*** Opening Available records ***
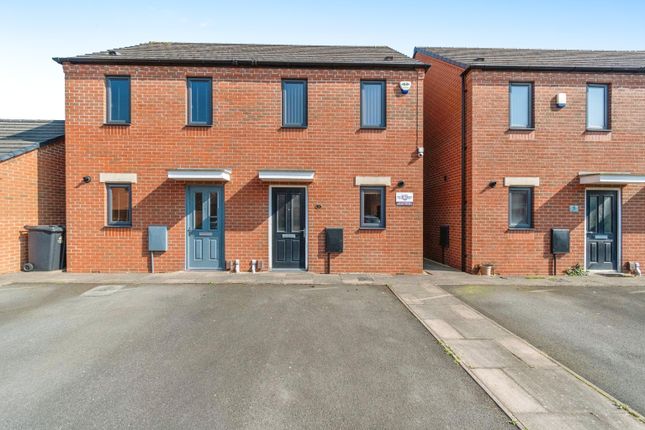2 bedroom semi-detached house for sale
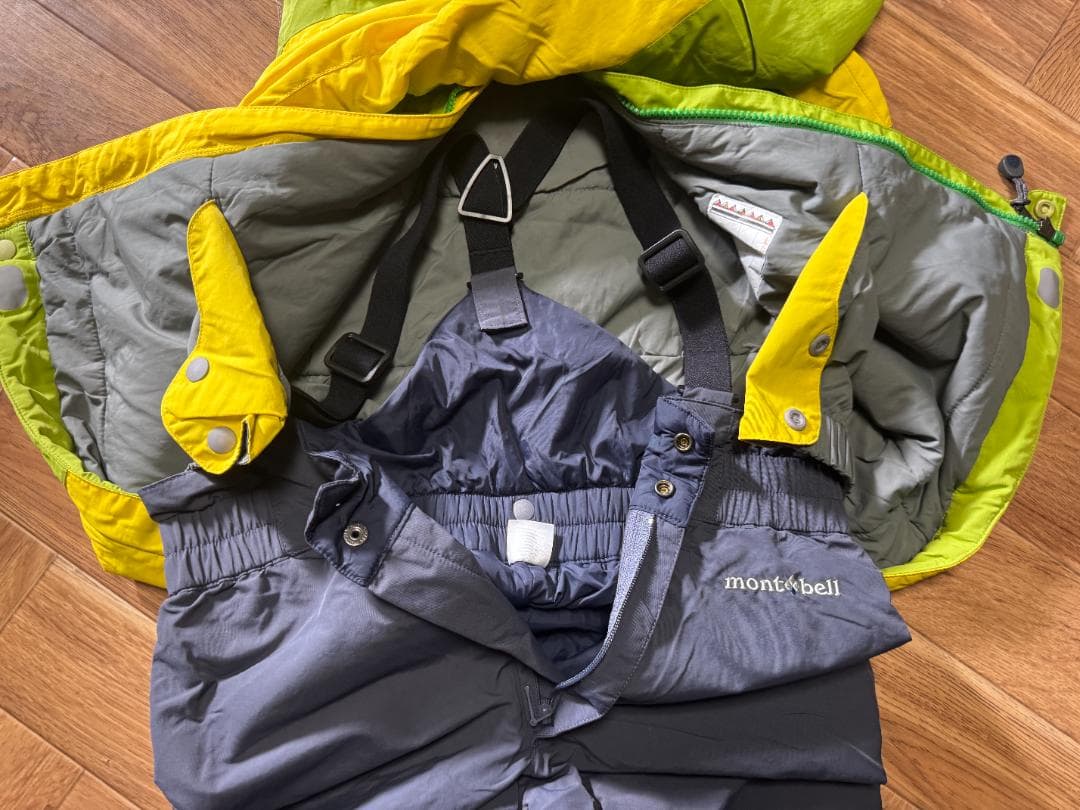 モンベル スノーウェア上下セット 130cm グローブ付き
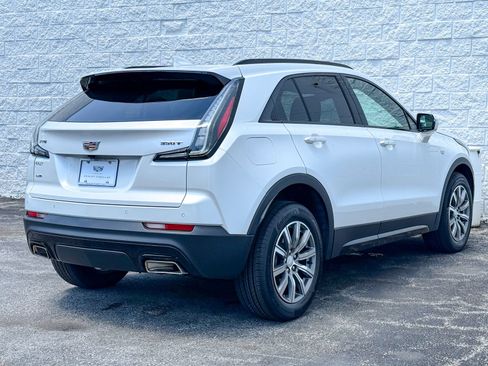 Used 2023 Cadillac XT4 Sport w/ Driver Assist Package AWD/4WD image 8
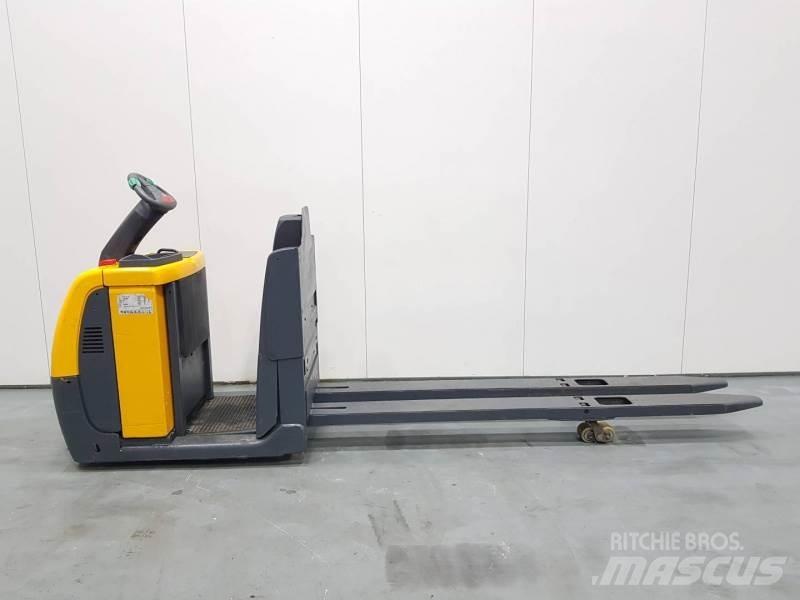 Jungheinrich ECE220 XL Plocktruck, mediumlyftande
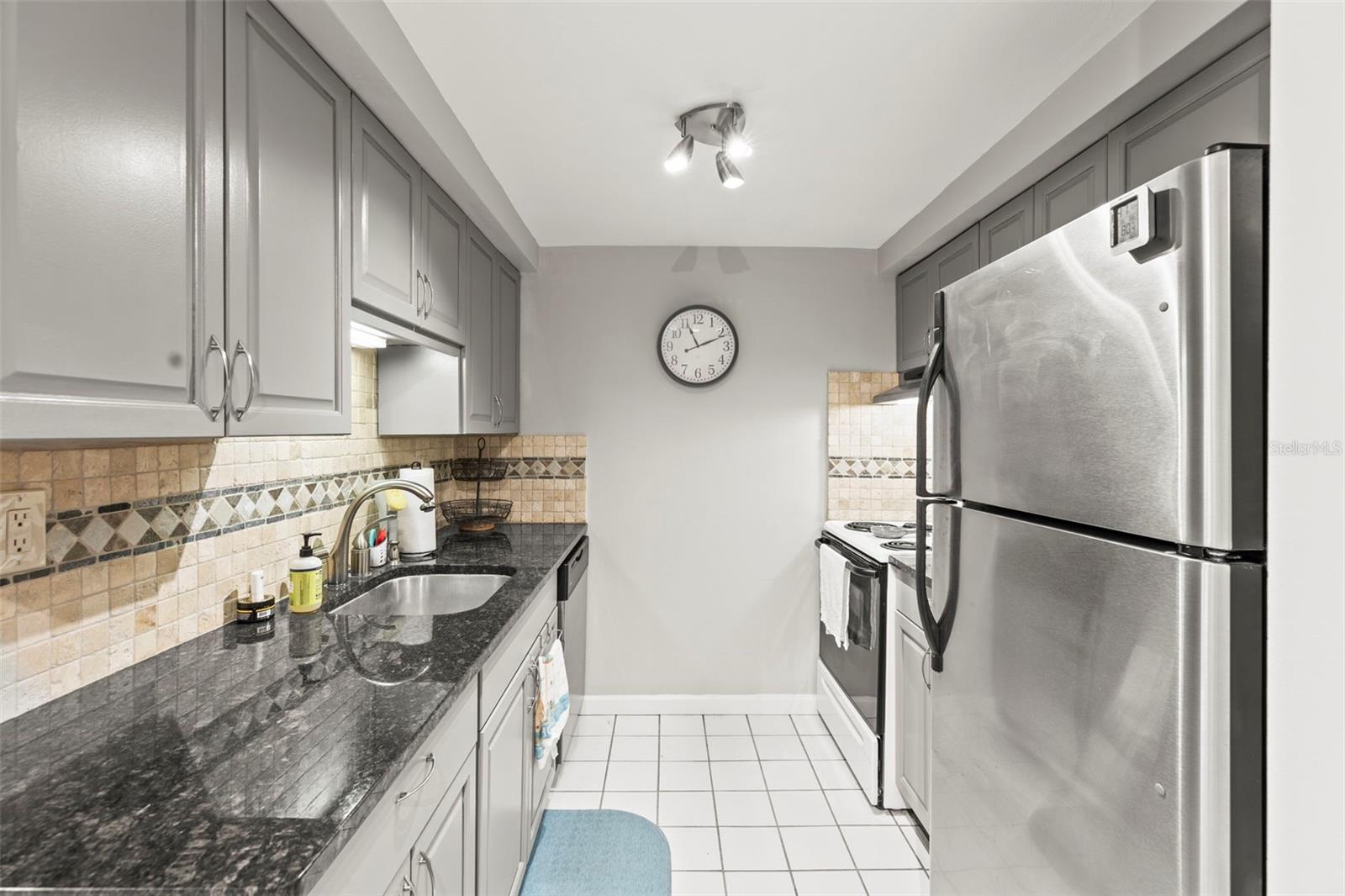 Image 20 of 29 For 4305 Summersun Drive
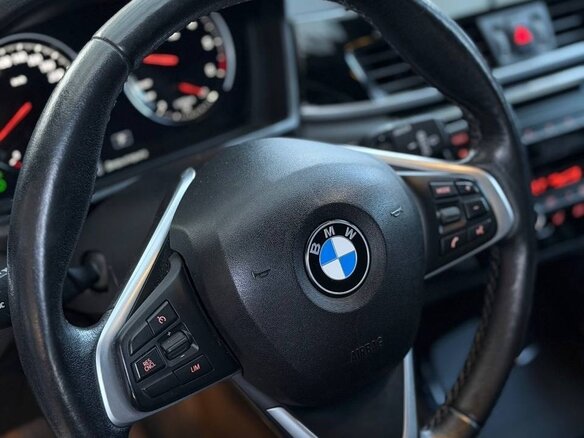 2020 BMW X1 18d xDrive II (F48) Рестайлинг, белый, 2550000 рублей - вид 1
*** Closing Available records ***
*** Opening Available records ***
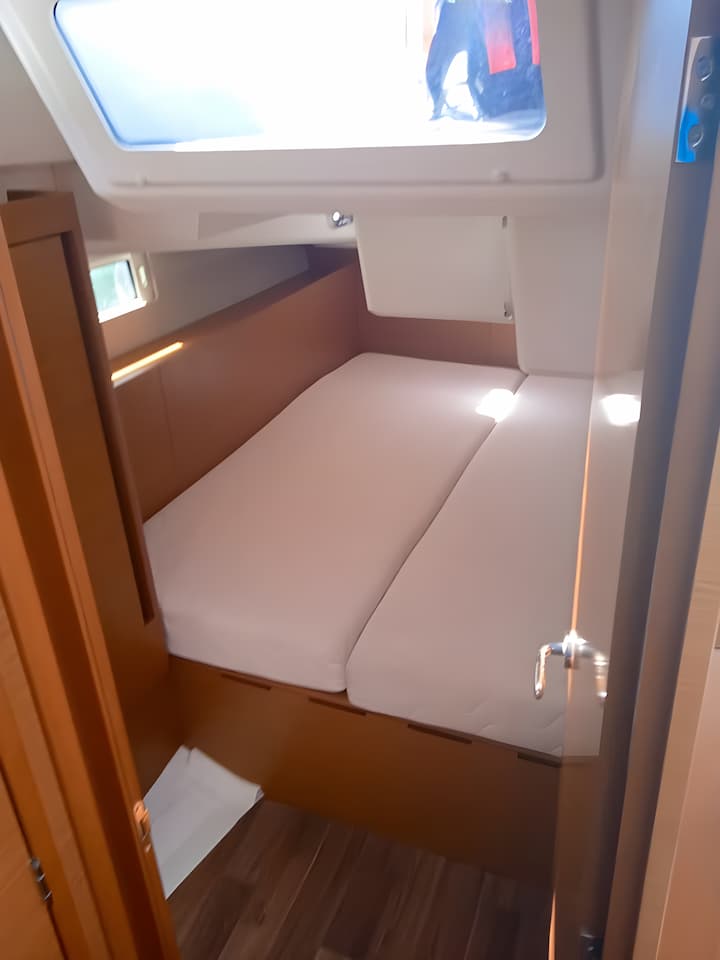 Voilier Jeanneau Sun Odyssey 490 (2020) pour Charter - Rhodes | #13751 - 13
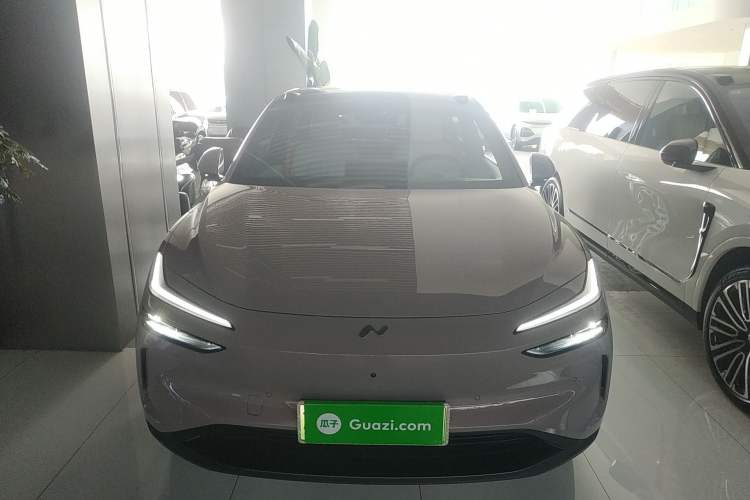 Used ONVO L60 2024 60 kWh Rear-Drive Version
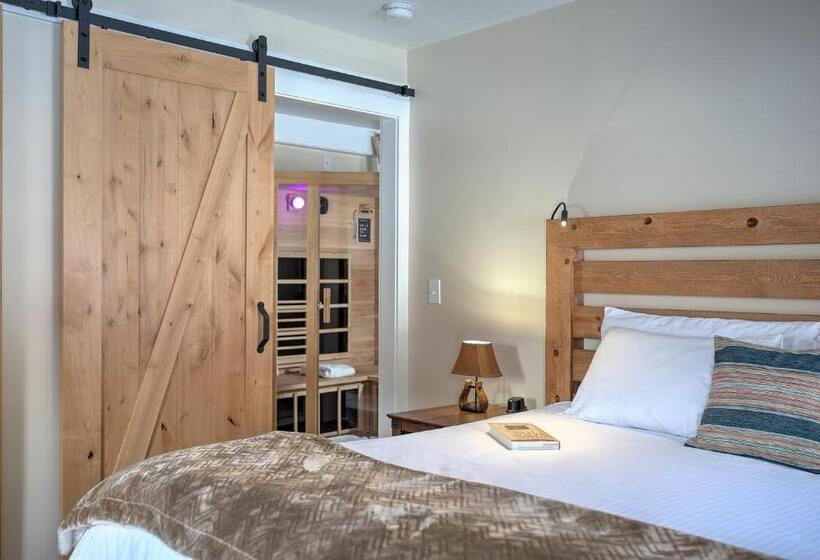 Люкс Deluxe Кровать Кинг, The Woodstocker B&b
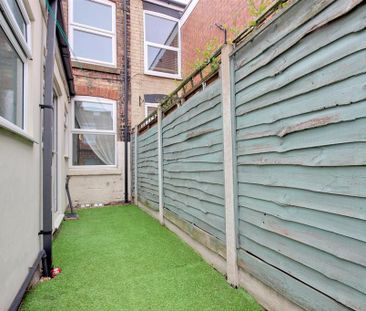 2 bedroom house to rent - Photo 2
*** Closing Available records ***
#### Exercise objective:
Starting at the line containing "2 bedroom semi-detached house for sale" and stopping at the line containing "2020 BMW X1", output each line exactly as it appears above. Leave out the pictures.

#### Solved problem:
2 bedroom semi-detached house for sale
 モンベル スノーウェア上下セット 130cm グローブ付き
 Used 2023 Cadillac XT4 Sport w/ Driver Assist Package AWD/4WD image 8
 Jungheinrich ECE220 XL Plocktruck, mediumlyftande
 Image 20 of 29 For 4305 Summersun Drive
 2020 BMW X1 18d xDrive II (F48) Рестайлинг, белый, 2550000 рублей - вид 1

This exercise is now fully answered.